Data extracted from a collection
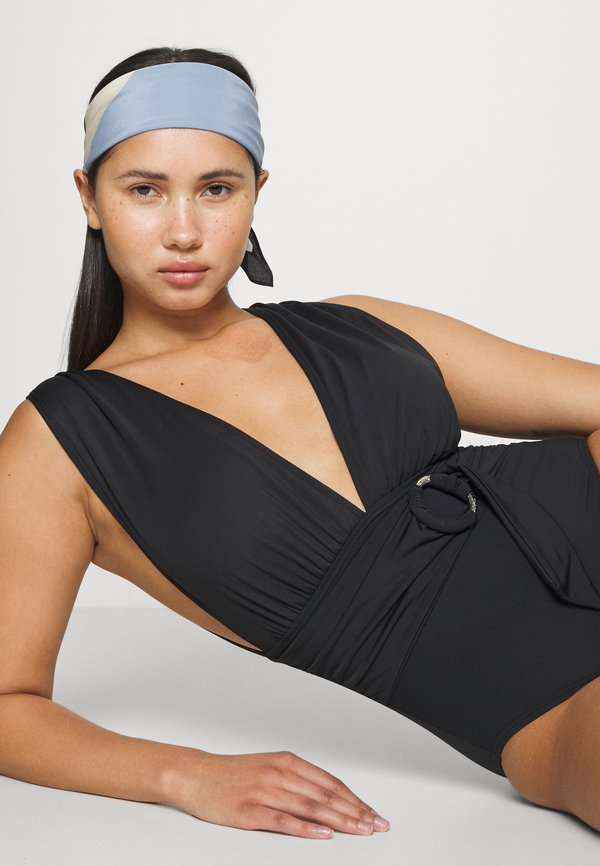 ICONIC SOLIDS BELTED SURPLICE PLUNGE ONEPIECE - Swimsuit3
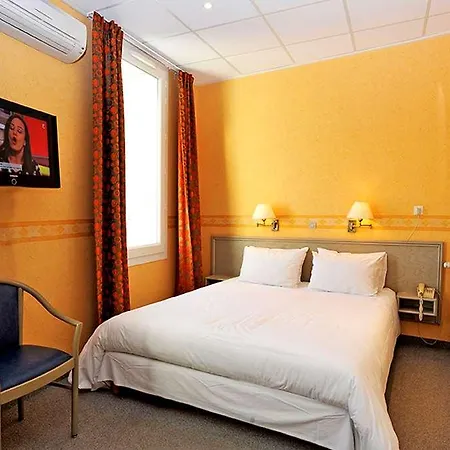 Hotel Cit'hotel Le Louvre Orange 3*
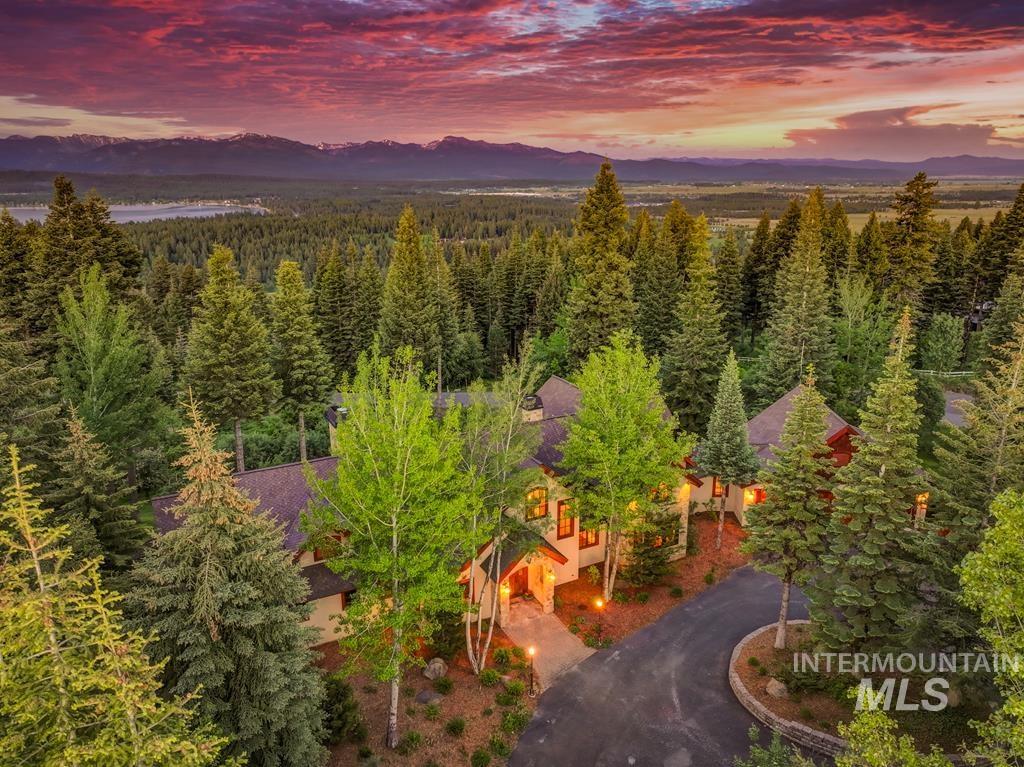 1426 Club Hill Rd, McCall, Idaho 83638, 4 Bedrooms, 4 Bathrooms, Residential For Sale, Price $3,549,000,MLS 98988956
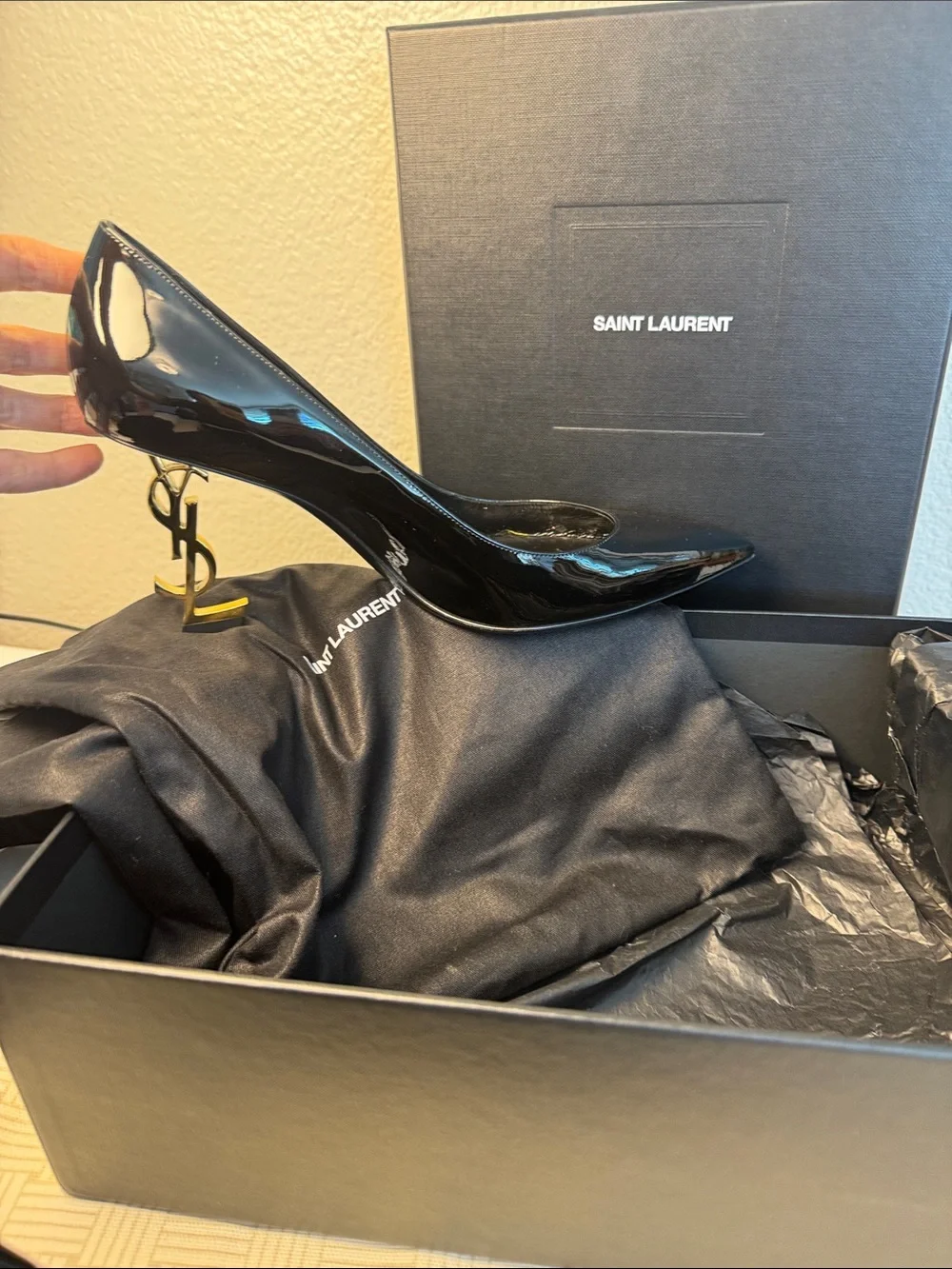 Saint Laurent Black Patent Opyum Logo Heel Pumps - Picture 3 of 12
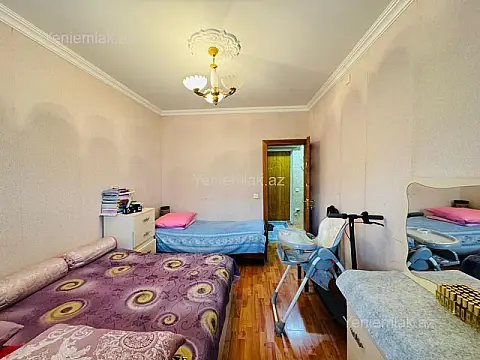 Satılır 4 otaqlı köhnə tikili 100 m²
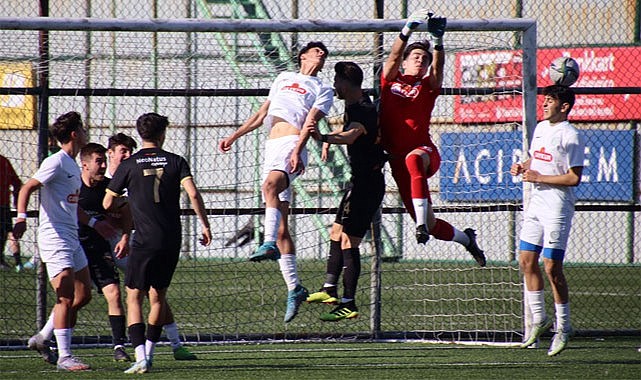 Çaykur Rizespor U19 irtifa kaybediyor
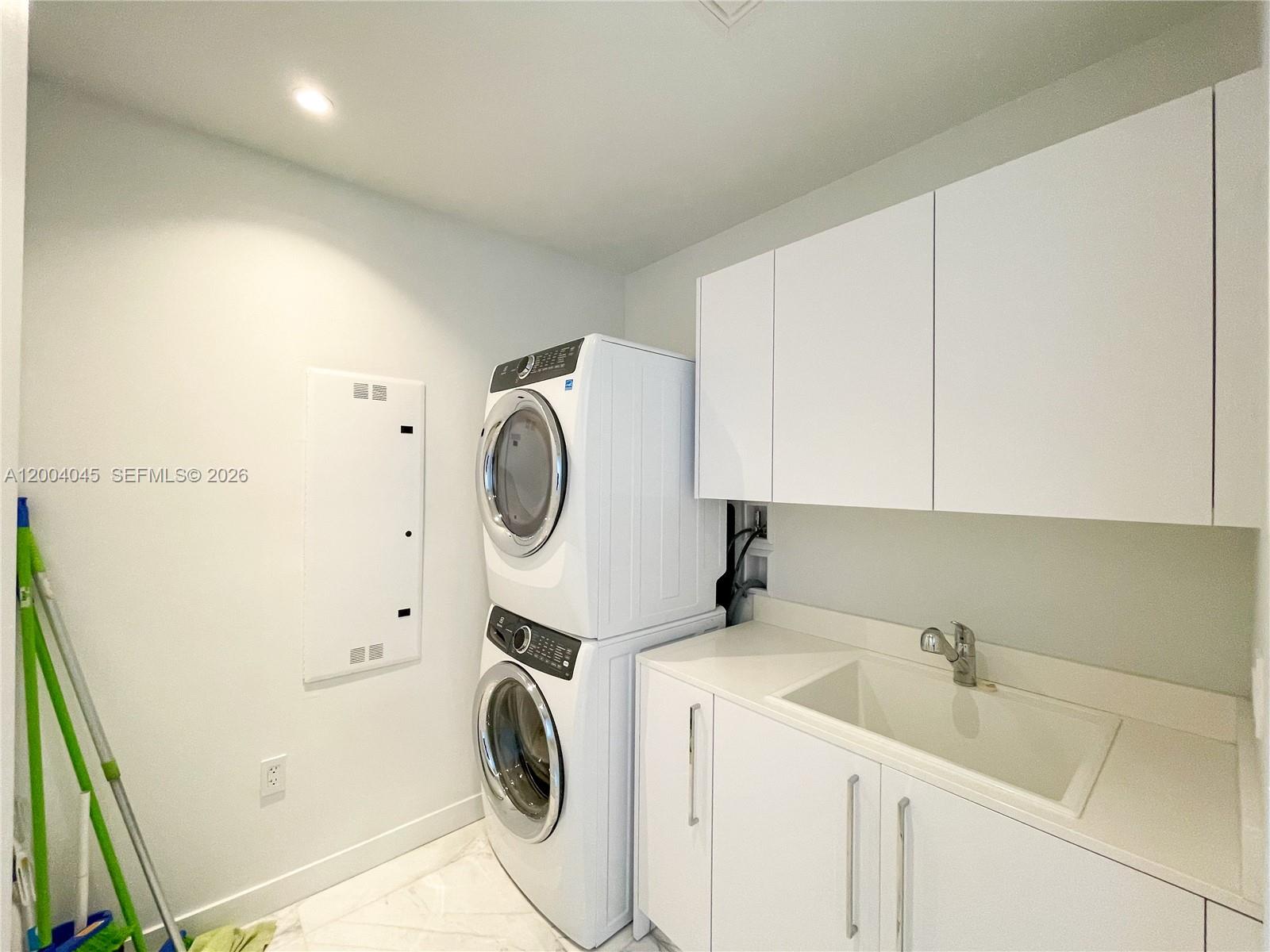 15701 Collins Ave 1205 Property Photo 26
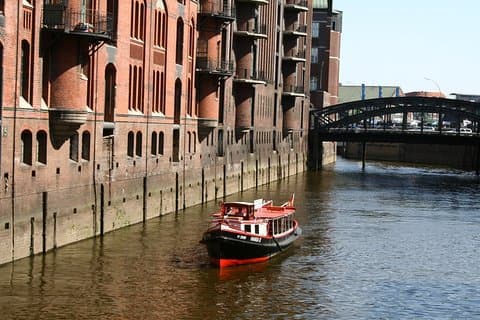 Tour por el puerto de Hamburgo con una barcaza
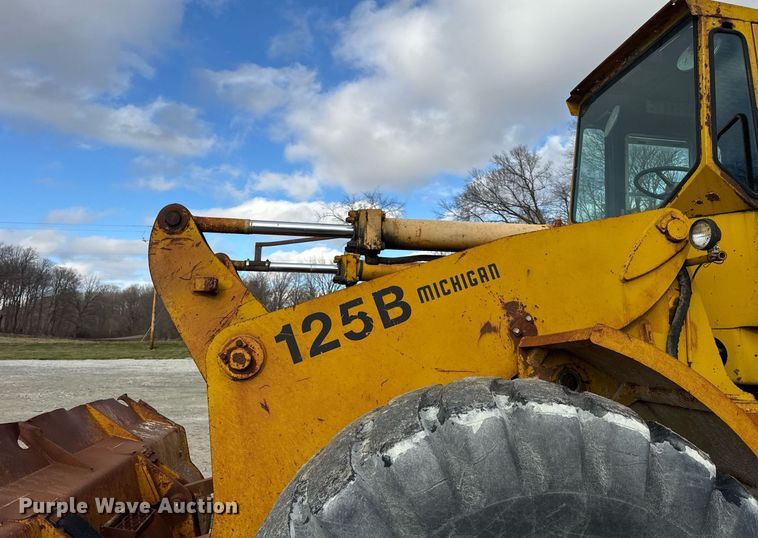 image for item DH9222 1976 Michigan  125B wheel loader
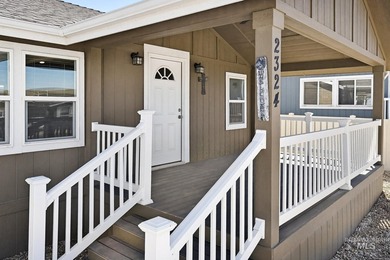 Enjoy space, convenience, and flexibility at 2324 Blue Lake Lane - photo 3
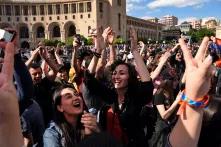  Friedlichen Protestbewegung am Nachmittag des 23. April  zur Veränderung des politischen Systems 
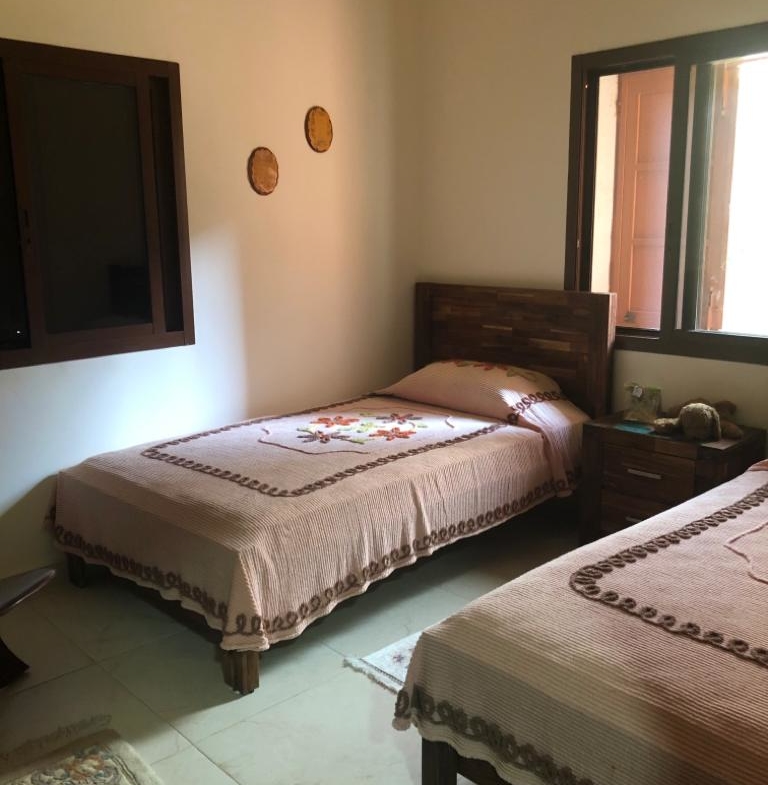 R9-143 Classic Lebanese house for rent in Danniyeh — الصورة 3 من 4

PROBLEM TO SOLVE
From the line containing "Enjoy space, convenience, and" down to the last line of the entries above, set down every line exactly. Omit all pictures.

WRITTEN ANSWER
 Enjoy space, convenience, and flexibility at 2324 Blue Lake Lane - photo 3
  Friedlichen Protestbewegung am Nachmittag des 23. April  zur Veränderung des politischen Systems 
 R9-143 Classic Lebanese house for rent in Danniyeh — الصورة 3 من 4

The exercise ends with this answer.